- Given entries -
=-=-=

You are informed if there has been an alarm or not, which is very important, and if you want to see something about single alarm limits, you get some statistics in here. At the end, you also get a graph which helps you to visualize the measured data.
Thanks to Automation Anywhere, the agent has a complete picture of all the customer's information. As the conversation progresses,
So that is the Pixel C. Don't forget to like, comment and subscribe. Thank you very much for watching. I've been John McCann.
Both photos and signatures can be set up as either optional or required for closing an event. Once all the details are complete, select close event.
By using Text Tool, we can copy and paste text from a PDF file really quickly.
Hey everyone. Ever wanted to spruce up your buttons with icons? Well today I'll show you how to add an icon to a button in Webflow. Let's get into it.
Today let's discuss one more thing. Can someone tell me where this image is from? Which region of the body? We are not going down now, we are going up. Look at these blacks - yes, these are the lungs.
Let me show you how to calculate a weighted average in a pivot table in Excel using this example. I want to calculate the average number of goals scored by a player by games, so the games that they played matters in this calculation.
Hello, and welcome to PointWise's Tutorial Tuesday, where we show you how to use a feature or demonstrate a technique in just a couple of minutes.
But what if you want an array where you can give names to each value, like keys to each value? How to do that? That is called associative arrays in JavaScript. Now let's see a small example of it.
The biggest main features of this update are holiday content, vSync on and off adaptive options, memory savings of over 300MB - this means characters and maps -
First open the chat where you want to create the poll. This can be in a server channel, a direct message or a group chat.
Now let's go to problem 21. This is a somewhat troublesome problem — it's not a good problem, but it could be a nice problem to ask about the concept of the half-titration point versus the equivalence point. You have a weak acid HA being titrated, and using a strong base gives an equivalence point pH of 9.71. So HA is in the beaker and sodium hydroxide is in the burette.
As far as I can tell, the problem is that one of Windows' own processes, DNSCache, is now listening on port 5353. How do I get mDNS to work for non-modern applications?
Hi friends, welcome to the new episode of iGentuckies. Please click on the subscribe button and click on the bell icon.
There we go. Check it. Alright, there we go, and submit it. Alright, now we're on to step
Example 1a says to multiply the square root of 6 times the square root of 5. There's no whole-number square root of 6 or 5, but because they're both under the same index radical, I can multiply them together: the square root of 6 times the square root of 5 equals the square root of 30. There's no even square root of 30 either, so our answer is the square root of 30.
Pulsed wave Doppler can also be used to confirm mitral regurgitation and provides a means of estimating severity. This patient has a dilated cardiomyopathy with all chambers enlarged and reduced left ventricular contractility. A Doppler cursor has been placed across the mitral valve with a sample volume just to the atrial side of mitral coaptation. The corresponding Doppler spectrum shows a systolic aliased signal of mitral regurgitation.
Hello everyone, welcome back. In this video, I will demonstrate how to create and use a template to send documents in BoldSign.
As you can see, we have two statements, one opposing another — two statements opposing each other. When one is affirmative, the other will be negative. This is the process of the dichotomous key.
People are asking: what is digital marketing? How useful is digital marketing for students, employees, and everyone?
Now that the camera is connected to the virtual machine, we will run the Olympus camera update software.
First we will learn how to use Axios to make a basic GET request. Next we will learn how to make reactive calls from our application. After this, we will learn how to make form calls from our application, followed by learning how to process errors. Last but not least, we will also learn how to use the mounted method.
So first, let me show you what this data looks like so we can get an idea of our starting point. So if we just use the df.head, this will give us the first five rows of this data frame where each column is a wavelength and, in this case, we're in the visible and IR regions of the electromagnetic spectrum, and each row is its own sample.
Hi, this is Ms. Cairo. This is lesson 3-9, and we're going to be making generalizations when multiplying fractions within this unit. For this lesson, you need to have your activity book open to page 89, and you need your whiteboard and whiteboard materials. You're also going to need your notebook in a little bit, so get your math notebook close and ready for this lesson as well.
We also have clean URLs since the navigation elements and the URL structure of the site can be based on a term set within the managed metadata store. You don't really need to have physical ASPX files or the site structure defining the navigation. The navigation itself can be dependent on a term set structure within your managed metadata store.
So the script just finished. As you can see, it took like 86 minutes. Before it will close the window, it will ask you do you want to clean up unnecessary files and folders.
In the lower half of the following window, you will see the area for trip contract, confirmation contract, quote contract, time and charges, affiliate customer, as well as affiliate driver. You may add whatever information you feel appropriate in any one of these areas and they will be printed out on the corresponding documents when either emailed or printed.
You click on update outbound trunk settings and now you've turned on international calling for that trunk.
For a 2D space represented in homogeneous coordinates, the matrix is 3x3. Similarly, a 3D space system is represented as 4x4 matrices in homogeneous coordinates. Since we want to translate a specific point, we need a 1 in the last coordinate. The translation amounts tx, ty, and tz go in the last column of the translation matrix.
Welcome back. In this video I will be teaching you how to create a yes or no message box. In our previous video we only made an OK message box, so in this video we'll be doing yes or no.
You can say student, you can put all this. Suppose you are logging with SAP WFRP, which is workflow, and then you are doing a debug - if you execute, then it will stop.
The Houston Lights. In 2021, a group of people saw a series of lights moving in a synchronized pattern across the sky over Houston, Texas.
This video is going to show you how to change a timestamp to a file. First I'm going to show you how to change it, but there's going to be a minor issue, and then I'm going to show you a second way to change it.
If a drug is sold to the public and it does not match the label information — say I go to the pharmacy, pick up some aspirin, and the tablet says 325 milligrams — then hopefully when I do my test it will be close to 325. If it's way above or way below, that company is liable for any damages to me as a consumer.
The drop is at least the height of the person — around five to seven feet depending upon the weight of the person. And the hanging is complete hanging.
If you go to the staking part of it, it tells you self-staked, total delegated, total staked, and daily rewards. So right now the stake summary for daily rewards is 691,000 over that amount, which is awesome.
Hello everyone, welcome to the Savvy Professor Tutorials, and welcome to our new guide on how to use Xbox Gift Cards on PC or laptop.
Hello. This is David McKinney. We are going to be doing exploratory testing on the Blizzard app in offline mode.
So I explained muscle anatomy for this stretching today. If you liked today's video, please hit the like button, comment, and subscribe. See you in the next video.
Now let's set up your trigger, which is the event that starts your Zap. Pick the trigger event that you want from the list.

=-=-=

- Exercise prompt -
Write out exactly the lines that fall from the line with "There we go." to the line with "Example 1a says" in the records above, keeping both ends.

- Answer for this exercise -
There we go. Check it. Alright, there we go, and submit it. Alright, now we're on to step
Example 1a says to multiply the square root of 6 times the square root of 5. There's no whole-number square root of 6 or 5, but because they're both under the same index radical, I can multiply them together: the square root of 6 times the square root of 5 equals the square root of 30. There's no even square root of 30 either, so our answer is the square root of 30.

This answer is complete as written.